This article is written by a student writer from the Her Campus at FSU chapter.

Community displacement is a tale as old as time in the United States of America. The country itself was founded on the displacement of Indigenous Americans using the labor of displaced and enslaved Africans. Over time, as civil rights were fought for and acquired, segregation efforts kept communities of color as far away from affluence as legally permitted. Today, a different battle ensues.

In recent times, new development proposals have placed Asian communities at risk of erasure with the threat of gentrification. In July, the Philadelphia 76ers announced a proposal to build a new $1.3 billion arena a block away from the Chinatown gateway arch.

This is not the first time Philadelphia’s Chinatown has been at risk for gentrification. In 2000, proposals for a new baseball arena for the Phillies were struck down that would have been located outside the doors of Chinatown, as well as a 2008 proposal for a slot-machine casino. Since 1958, Philadelphia’s Chinatown has lost 25 percent of its area due to public projects such as the creation of the Independence Mall, an expressway and a convention center.

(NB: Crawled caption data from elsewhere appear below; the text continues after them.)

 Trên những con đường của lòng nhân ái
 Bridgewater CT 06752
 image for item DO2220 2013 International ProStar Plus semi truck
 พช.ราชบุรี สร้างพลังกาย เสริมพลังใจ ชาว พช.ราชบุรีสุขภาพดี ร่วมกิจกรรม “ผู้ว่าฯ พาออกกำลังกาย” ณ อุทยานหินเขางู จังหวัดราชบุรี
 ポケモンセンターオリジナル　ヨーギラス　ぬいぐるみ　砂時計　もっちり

Gentrification of Asian communities is not a rare phenomenon either. In 1997, the Washington Capitals hockey team and the Washington Wizards basketball team relocated to a new home in D.C.’s Chinatown. Census numbers show that in 1990, 66 percent of people who lived in the D.C. Chinatown area identified as Asian American. As of 2020, the numbers dropped to 18 percent in the two tracts that make up what is left of D.C.’s Chinatown. Despite increased foot traffic and revitalized real estate, the D.C. Chinatown community experienced rent spikes and the loss of businesses to chain restaurants that would force them to leave the area. A community with over 3,000 Chinese residents in 2010 shrunk to around 300 several years ago.

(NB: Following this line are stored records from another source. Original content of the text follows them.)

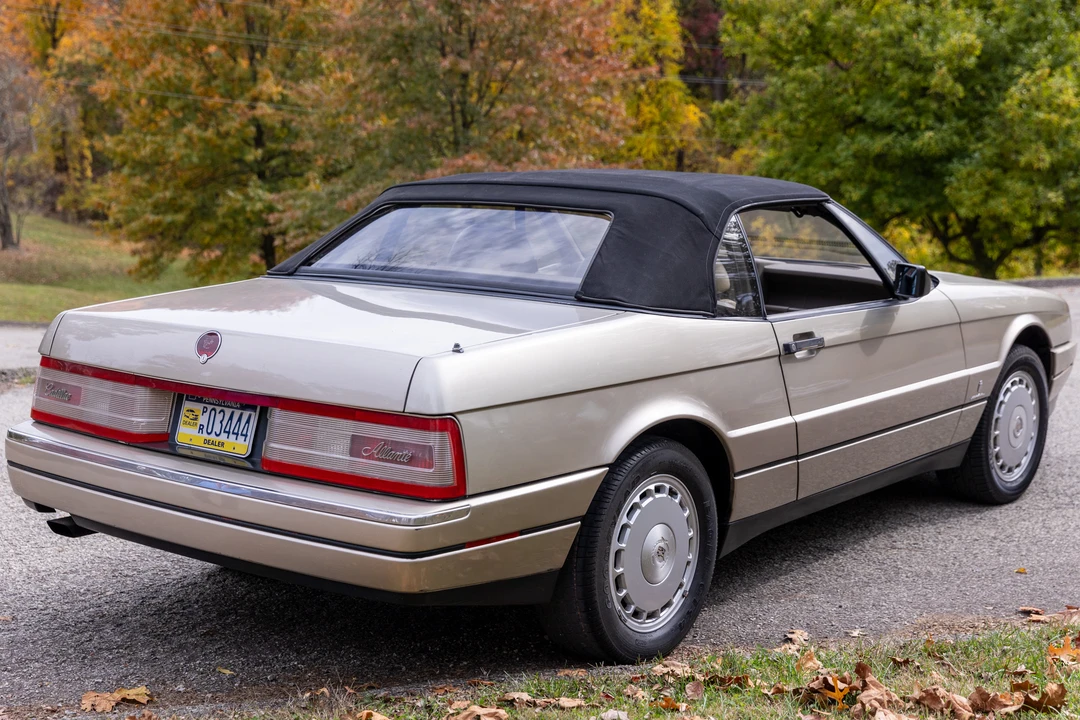 1992 Cadillac Allante - Image 23 of 31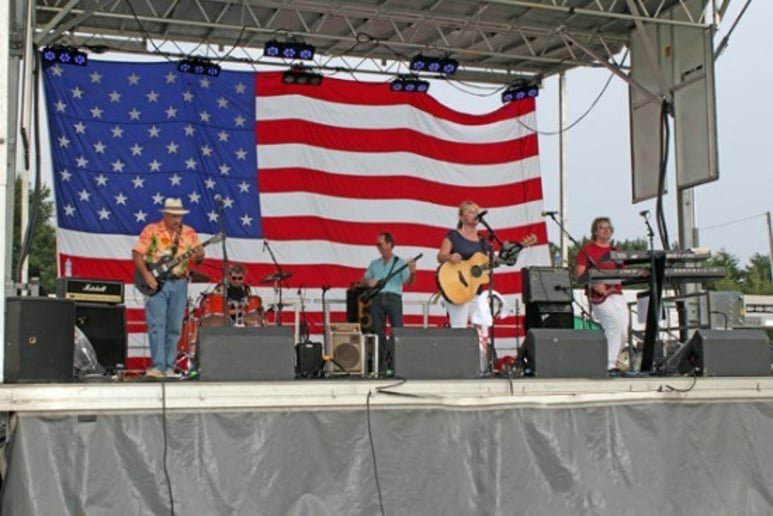 Gallery photo 3 of The Maggie Clement Band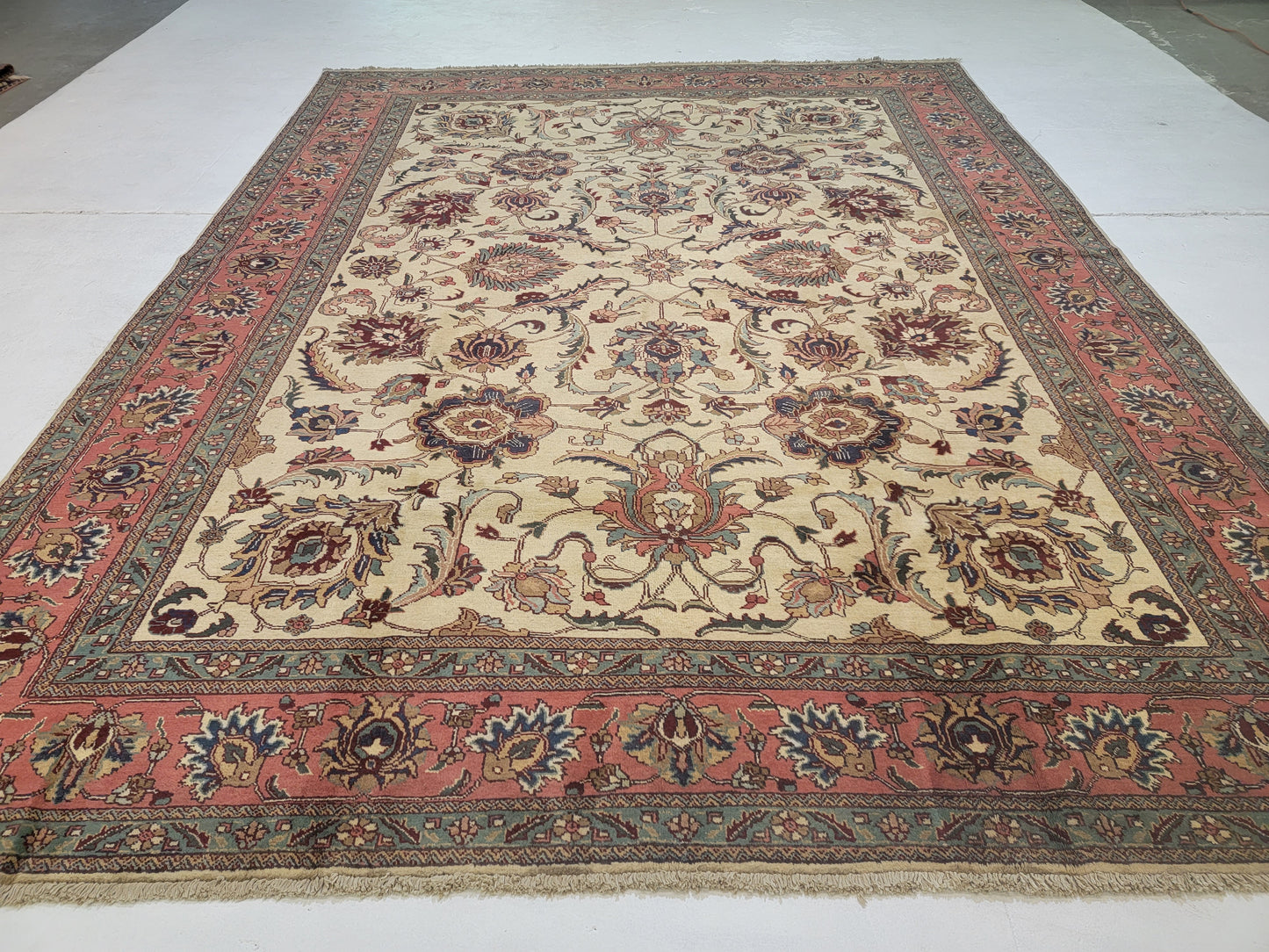 Hand-Knotted Wool Rug Tabriz 9'9'"x12'7"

“You have to think about how Chinatown was created. We weren’t welcome in other neighborhoods,” says Wei Chen, the community engagement director for Asian Americans United. The existence of ethnic enclaves such as Chinatowns is the result of exclusion laws that created segregated communities. As Chinese immigrants arrived in waves from 1850-1870 to the American West, numerous anti-Chinese movements spiked, including massacres, riots, evictions and legal restrictions on where Chinese immigrants could live and work.

Home to immigrants, the elderly and the poor, Chinatown neighborhoods are amongst the poorest neighborhoods within their respective cities. In New York City (NYC), Chinatown as part of the Lower East Side has a median household income of $46,000 with 26.5 percent of its residents living in poverty. However, the location of Chinatown has become increasingly attractive for luxury hotels, condos, and corporate businesses. The arrival of these big businesses raises property values and outprices the working-class families and small businesses until they can no longer afford to live and work in the place they call home.

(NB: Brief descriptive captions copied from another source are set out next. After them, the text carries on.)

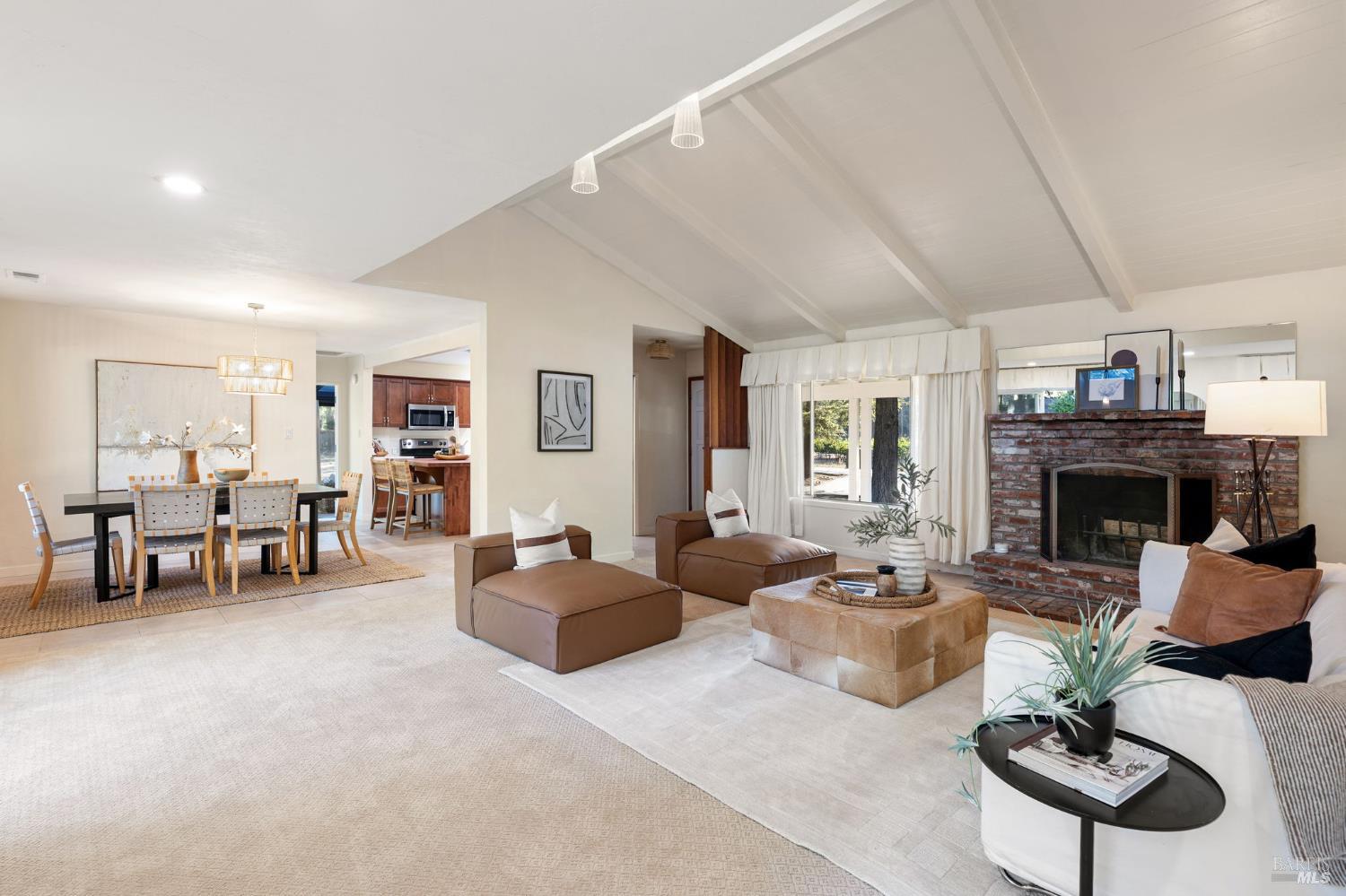 1050 White Cottage Rd N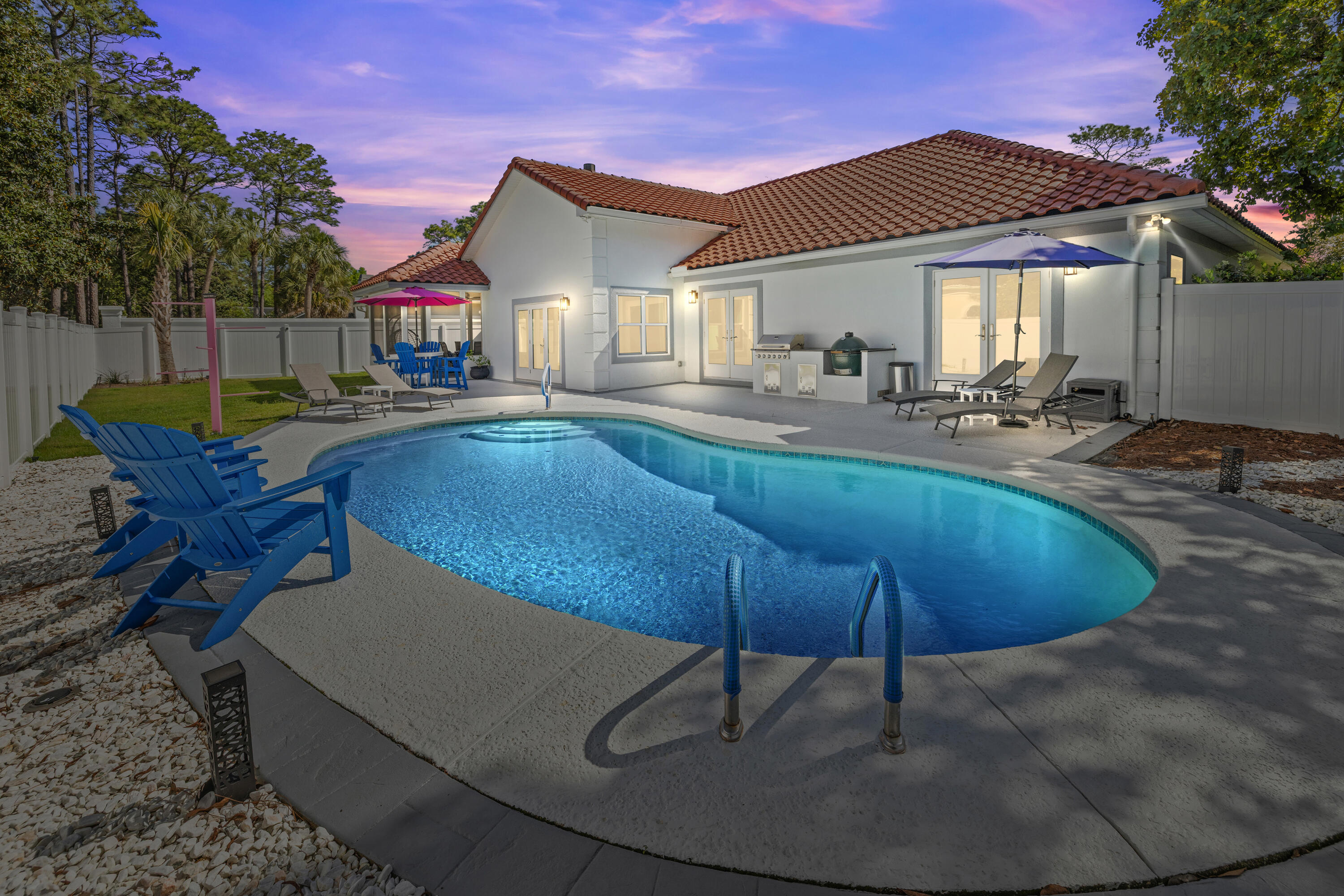 BAYTOWNE AVE EAST - Residential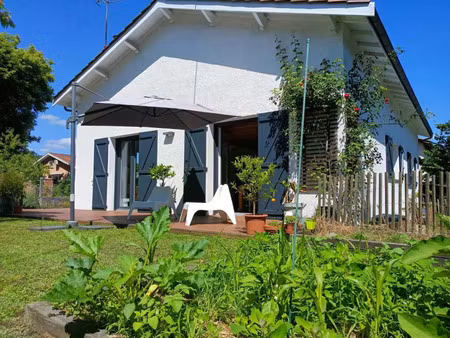 location appartement 1 pièce 9 m² à villenave-d’ornon (33140)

NYC Chinatown itself is currently battling against plans for a 29-story high “mega-jail” that would replace Rikers Jail. According to the city, the location of the new jails that would replace Rikers were selected based on their proximity to courthouses, social services and the detainees’ families.

Plans for the construction of the new mega jail pose a threat to displace more residents along with pollution and health hazards that would arise from the years-long construction process. According to the American Community Survey, the Asian population within Chinatown and the nearby Lower East Side neighborhood dropped by more than 10,000 from 2006 to 2020.

Chinatowns are not the only ethnic enclaves suffering from gentrification. On the West Coast, small businesses in Los Angeles’ Little Tokyo are grappling with increasing rent prices due to property flippers and public projects. Legacy businesses such as Little Tokyo Cosmetics — a 50-year-old legacy business credited with introducing Japanese beauty brand Shiseido to the US — closed its doors in Japanese Village Plaza in the same week when Mokuyobi Threads announced their move in. Mokuyobi Threads is an American apparel brand that sells a collection of tees and backpacks under a misspelled Japanese name and appropriated Tokyo influences.

Outside of the United States, Chinatown in Toronto experiences the same threats of gentrification from land developers and the government itself. Two-thirds of the original Chinatown was lost in favor of a new City Hall in 1958, along with the construction of Nathan Phillips Square. Politicians considered removing the remaining one-third of Chinatown that was left entirely, as well as the name before residents formed a Save Chinatown Committee to prevent measures from proceeding.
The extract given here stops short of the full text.